Available data: Begin

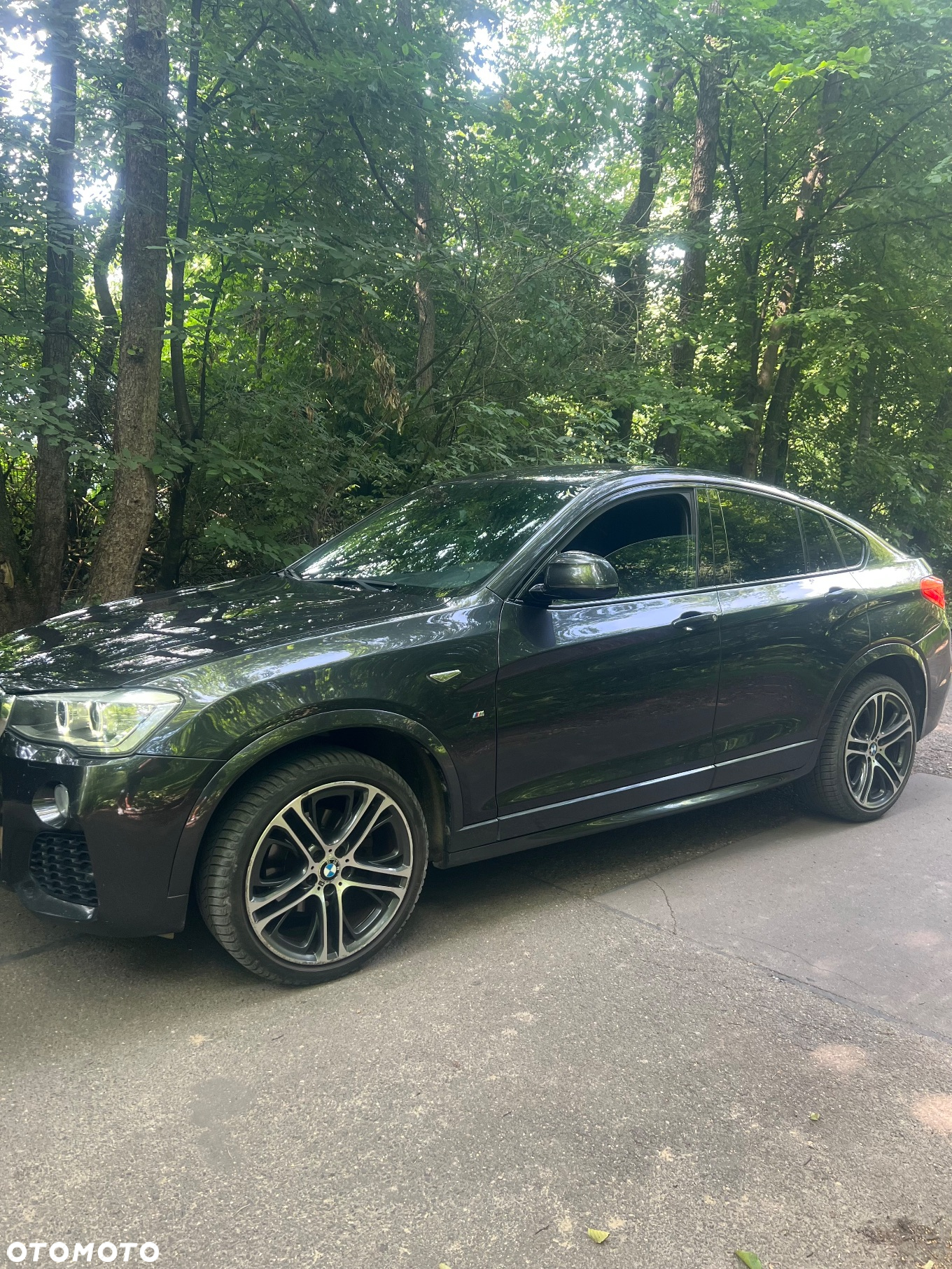 BMW X4 xDrive20d - 8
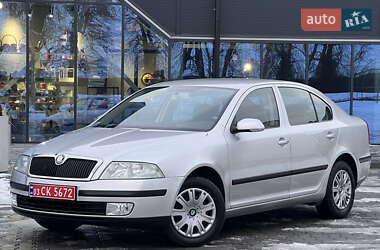 Ліфтбек Skoda Octavia 2005 в Вінниці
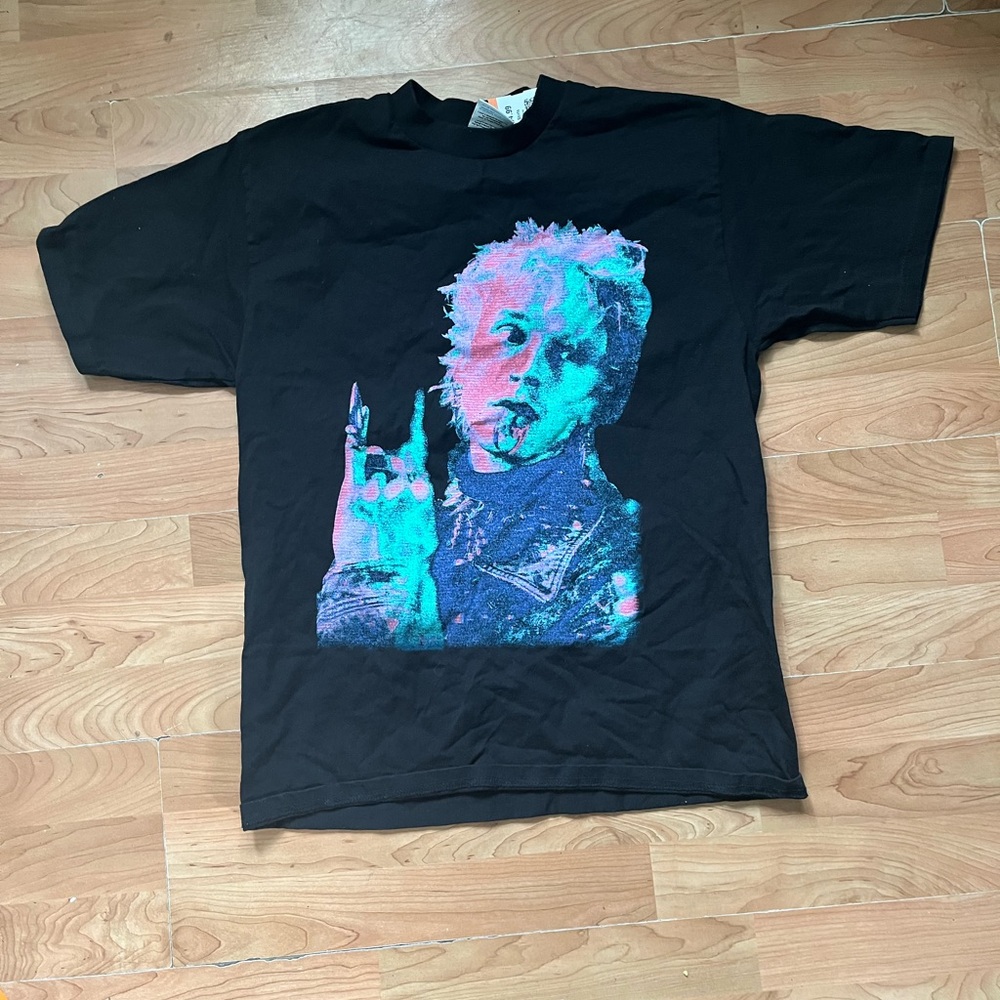 Pure Collection Midnight Black Tee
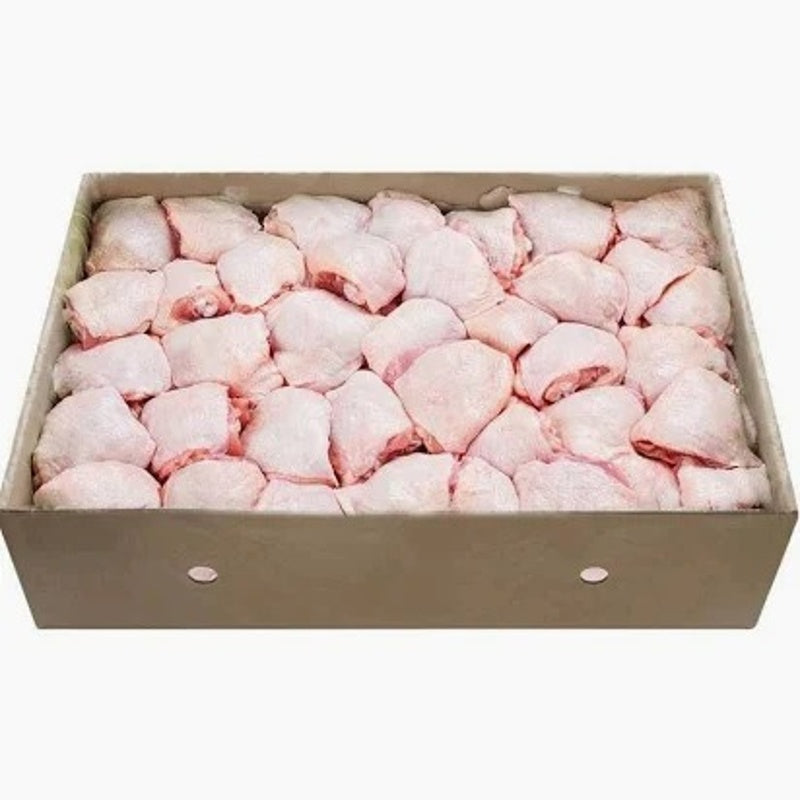 chicken thigh B/L S/L Cancao 6 x 2kg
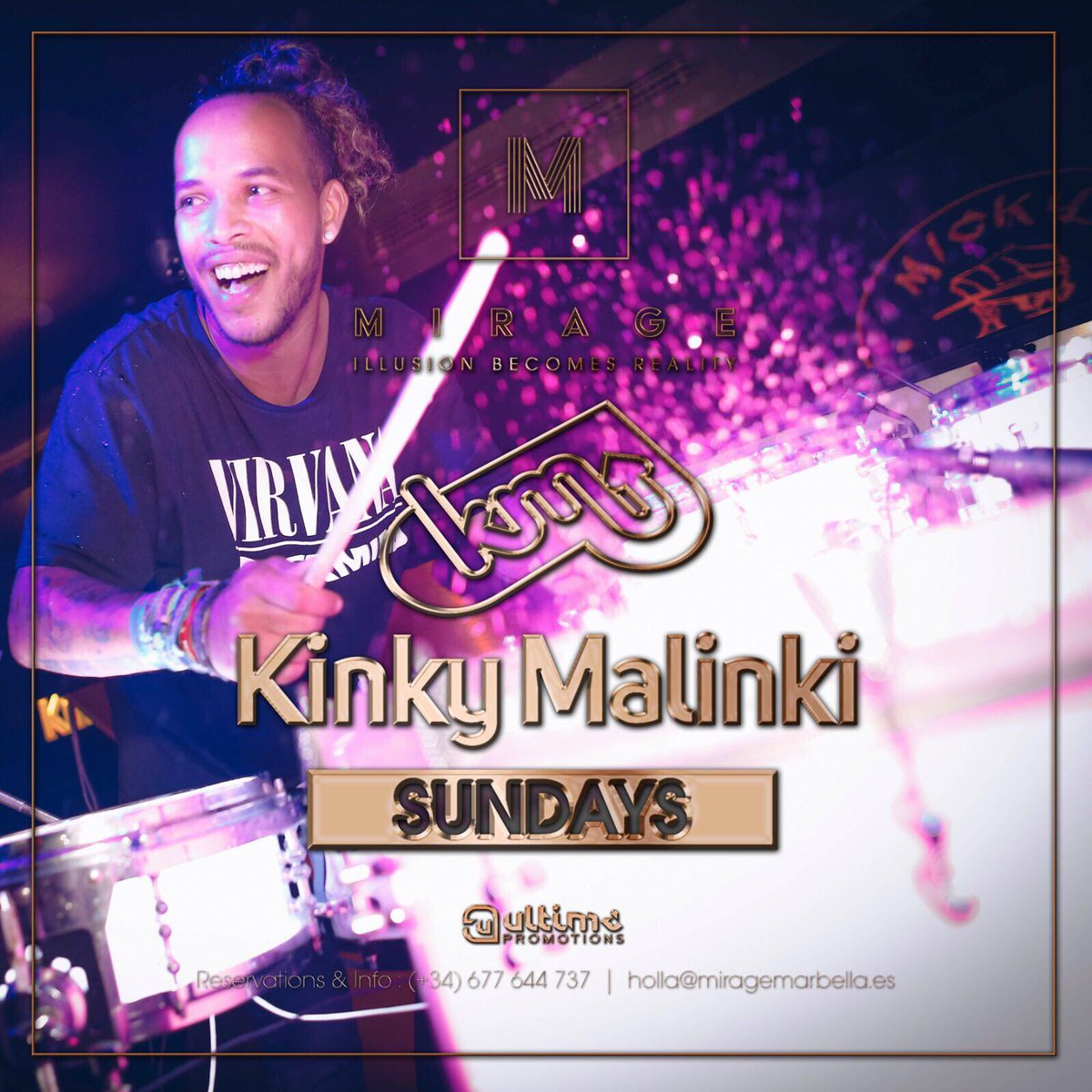 Danny Warne (@dankinky1) on Twitter photo On Sundays We Get KINKY <a href="/miragemarbella_/">MIRAGE MARBELLA</a> Who's Coming? #KinkyMalinki #fomo #itsasundaything #Marbs <a href="/Josh_Ortega_/">Josh Ortega</a> <a href="/alicialoughlin/">Alicia Loughlin</a> On Sundays We Get KINKY <a href="/miragemarbella_/">MIRAGE MARBELLA</a> Who's Coming? #KinkyMalinki #fomo #itsasundaything #Marbs <a href="/Josh_Ortega_/">Josh Ortega</a> <a href="/alicialoughlin/">Alicia Loughlin</a>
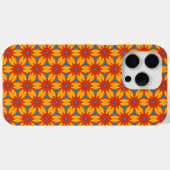 Whimsical geometrisch patroon Case-Mate iPhone case (Achterkant (horizontaal))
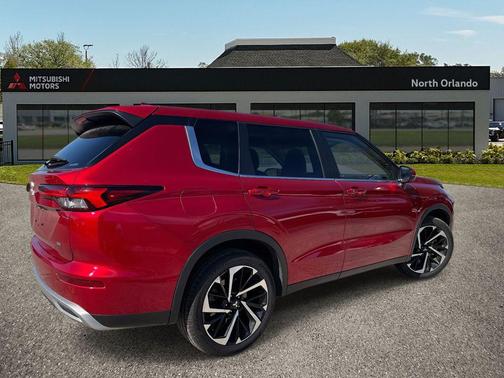 2023 Mitsubishi Outlander SE 2.5 S-AWC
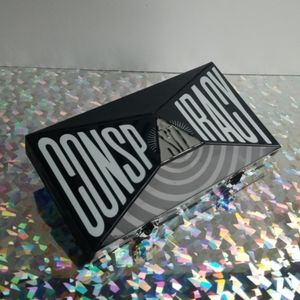 LNIB J Star ⭐ S Dawson 🤫 Conspiracy 🤔 Palette 👀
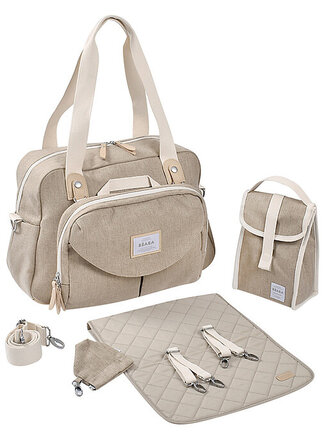 Béaba Béaba Verzorgingtas Geneve - Linen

Available data: End

» Action item
Set down exactly, from the line that contains "2023 Mitsubishi Outlander SE 2.5 S-AWC" through the last line of the data, each line as it stands, and leave the pictures out.

» Result for this task
 2023 Mitsubishi Outlander SE 2.5 S-AWC
 LNIB J Star ⭐ S Dawson 🤫 Conspiracy 🤔 Palette 👀
 Béaba Béaba Verzorgingtas Geneve - Linen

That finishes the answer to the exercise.